Top of Recorded data

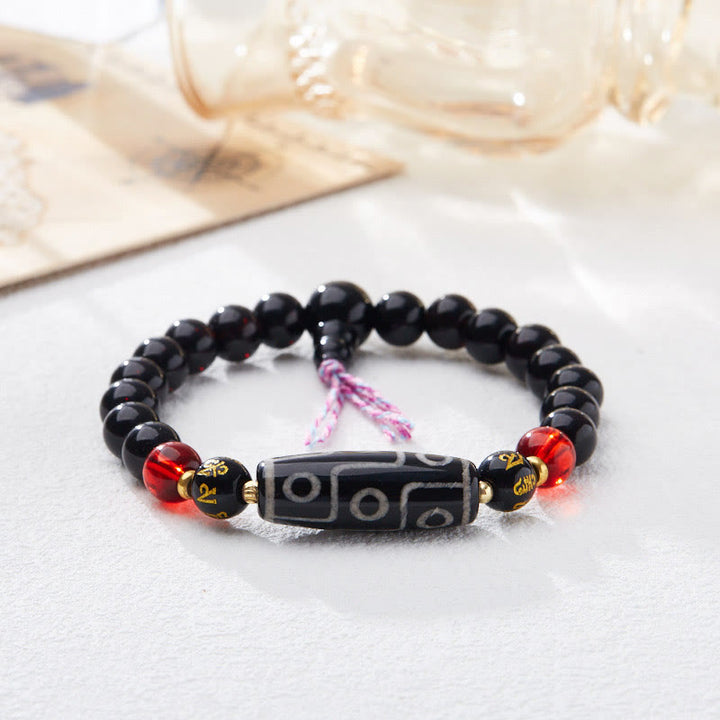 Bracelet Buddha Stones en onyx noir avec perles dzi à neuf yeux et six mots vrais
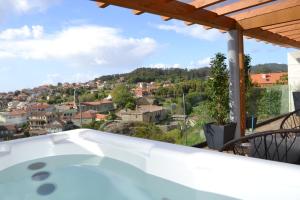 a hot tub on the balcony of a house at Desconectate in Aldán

Bottom of Recorded data
Top of Recorded data

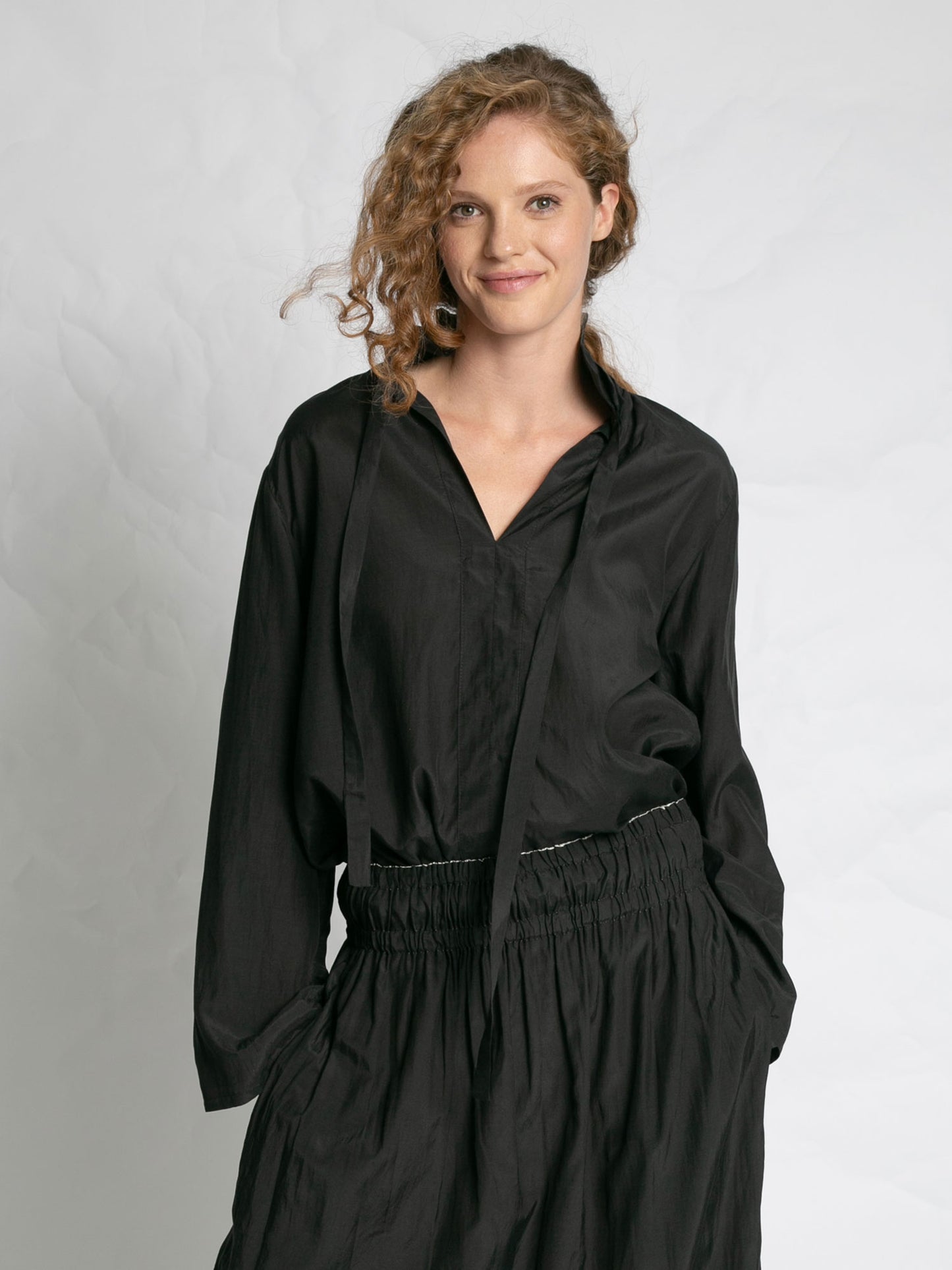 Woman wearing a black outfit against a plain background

Bottom of Recorded data

## Exercise brief
A clean copy is needed of the lines above from the one with "Bracelet Buddha Stones" up to and including the one with "a hot tub on". Please set it down exactly, with no pictures.

## Result for this task
 Bracelet Buddha Stones en onyx noir avec perles dzi à neuf yeux et six mots vrais
 a hot tub on the balcony of a house at Desconectate in Aldán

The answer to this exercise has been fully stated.